Der chinesische Staats- und Parteichef Xi Jinping verkündete in einer Rede, die er im Herbst 2020 hielt, dass man in China zukünftig verstärkt auf die Blockchain-Technologie setzen wolle. Aber damit nicht genug. Man sei sogar bestrebt, die Führung in diesem Bereich zu übernehmen. Aus diesem Grunde ist es das Interesse Chinas, künftig stärker in diesem Bereich zu investieren, so der Parteichef Xi Jinping.

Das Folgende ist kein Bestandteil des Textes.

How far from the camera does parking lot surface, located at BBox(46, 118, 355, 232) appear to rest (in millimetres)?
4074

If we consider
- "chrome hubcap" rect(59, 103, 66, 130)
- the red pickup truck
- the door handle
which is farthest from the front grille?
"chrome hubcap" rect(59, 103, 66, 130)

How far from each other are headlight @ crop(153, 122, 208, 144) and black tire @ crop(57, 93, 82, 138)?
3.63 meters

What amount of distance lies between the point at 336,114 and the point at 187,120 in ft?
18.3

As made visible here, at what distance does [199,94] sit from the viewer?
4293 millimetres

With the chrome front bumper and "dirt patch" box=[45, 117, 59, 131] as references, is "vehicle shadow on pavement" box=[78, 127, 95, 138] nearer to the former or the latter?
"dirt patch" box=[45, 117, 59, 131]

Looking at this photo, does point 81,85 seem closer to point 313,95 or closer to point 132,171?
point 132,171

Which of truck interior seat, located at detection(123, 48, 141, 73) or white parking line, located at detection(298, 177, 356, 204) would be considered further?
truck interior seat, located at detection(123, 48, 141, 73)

Diese Ankündigung der Parteispitze führte zu einem starken Anstieg des Aktienmarktes, insbesondere Aktien aus der Informationstechnologie zogen stark an, sowie die Kryptowährungen. Besonders der Bitcoin konnte von der Ankündigung stark profitieren. Der Bitcoin konnte unmittelbar nach der Verkündung um über 20 %, auf über 10.000 US-Dollar zulegen. Erwähnenswert sei noch der Umstand, dass aufgrund der geringen Energiekosten, im Jahre 2017, über 70 % des Bitcoin-Mining (Mining steht dabei für Schürfen und bezeichnet die Generierung von Bitcoins) in China stattgefunden haben.

Welche Strategie verfolgt China bei den Kryptowährungen?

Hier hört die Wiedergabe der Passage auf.